How to handle 3 files with awk?

夙愿已清 提交于 2019-12-03 08:46:18
mklement0

Update: The solution below works, as long as all input files are nonempty, but see @Ed Morton's answer for a simpler and more robust way of adding file-specific handling.

However, this answer still provides a hopefully helpful explanation of some awk basics and why the OP's approach didn't work.

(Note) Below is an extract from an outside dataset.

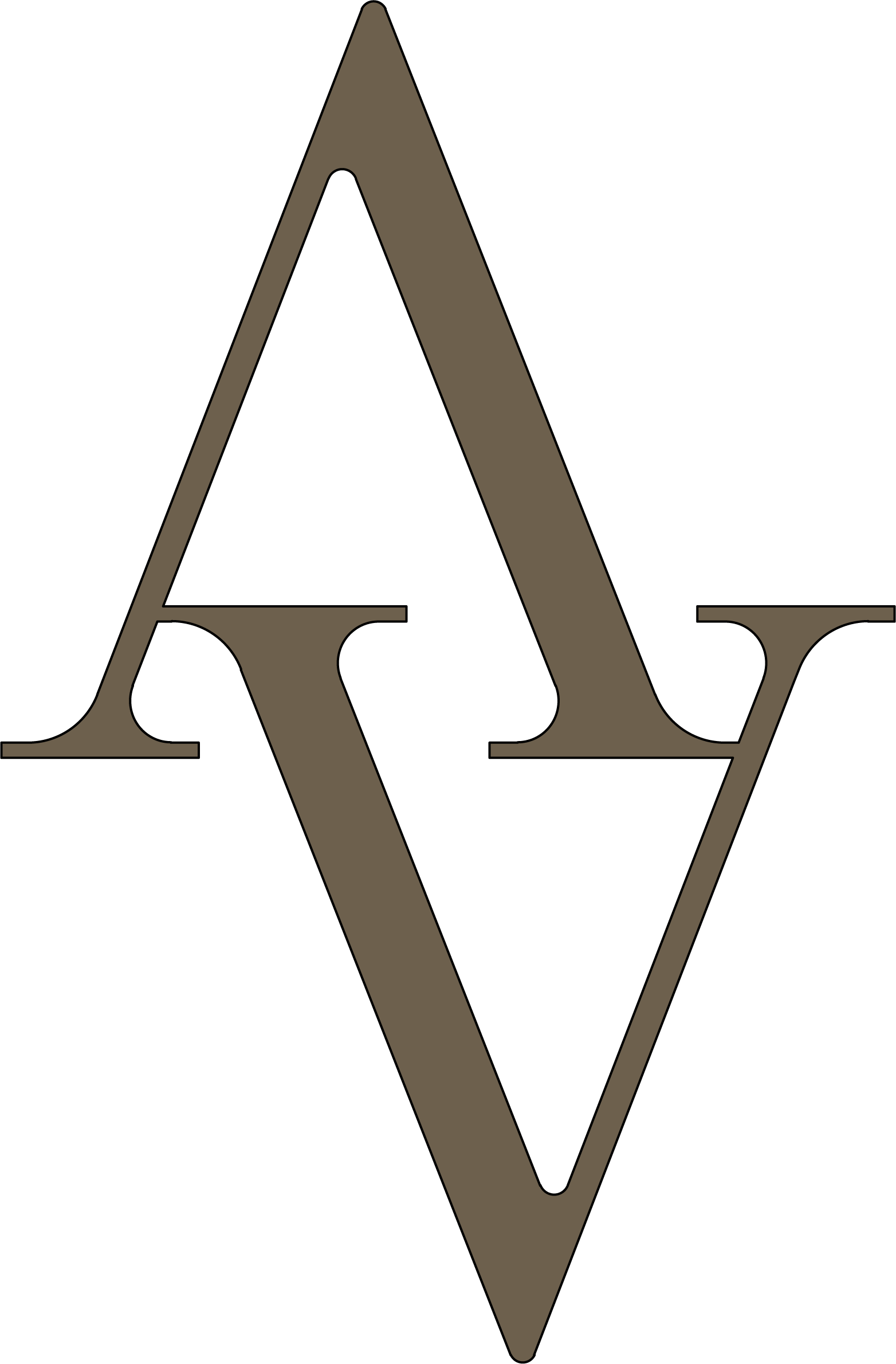 Logo Alba & Victor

Try the following (note that I've made the indices 1-based, as that's how awk does it):

awk '

 # Increment the current-file index, if a new file is being processed.
 FNR == 1 { ++fIndex }

 # Process current line if from 1st file.
 fIndex == 1 {
    print "file 1: " FILENAME
    next
 }

 # Process current line if from 2nd file.
 fIndex == 2 {
    print "file 2: " FILENAME
    next
 }

 # Process current line (from all remaining files).
 {
    print "file " fIndex ": " FILENAME
 }

' file-1 file-2 file-3
  • Pattern FNR==1 is true whenever a new input file is starting to get processed (FNR contains the input file-relative line number).
  • Every time a new file starts processing, fIndexis incremented and thus reflects the 1-based index of the current input file. Tip of the hat to @twalberg's helpful answer.

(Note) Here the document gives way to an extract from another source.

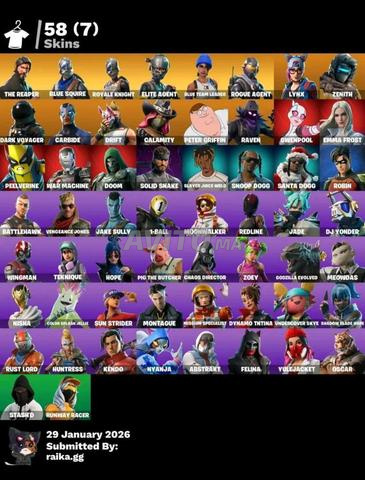 حساب فورتنايت للبيع... عرض خاص نتعامل معك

    • Note that an uninitialized awk variable used in a numeric context defaults to 0, so there's no need to initialize fIndex (unless you want a different start value).
  • Patterns such as fIndex == 1 can then be used to execute blocks for lines from a specific input file only (assuming the block ends in next).
  • The last block is then executed for all input files that don't have file-specific blocks (above).

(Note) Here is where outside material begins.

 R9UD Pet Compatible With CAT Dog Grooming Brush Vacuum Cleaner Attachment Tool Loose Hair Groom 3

As for why your approach didn't work:

  • Your 2nd and 3rd blocks are potentially executed unconditionally, for lines from all input files, because they are not preceded by a pattern (condition).

  • So your 2nd block is entered for lines from all subsequent input files, and its next statement then prevents the 3rd block from ever getting reached.

Potential misconceptions:

  • Perhaps you think that each block functions as a loop processing a single input file. This is NOT how awk works. Instead, the entire awk program is processed in a loop, with each iteration processing a single input line, starting with all lines from file 1, then from file 2, ...

  • An awk program can have any number of blocks (typically preceded by patterns), and whether they're executed for the current input line is solely governed by whether the pattern evaluates to true; if there is no pattern, the block is executed unconditionally (across input files). However, as you've already discovered, next inside a block can be used to skip subsequent blocks (pattern-block pairs).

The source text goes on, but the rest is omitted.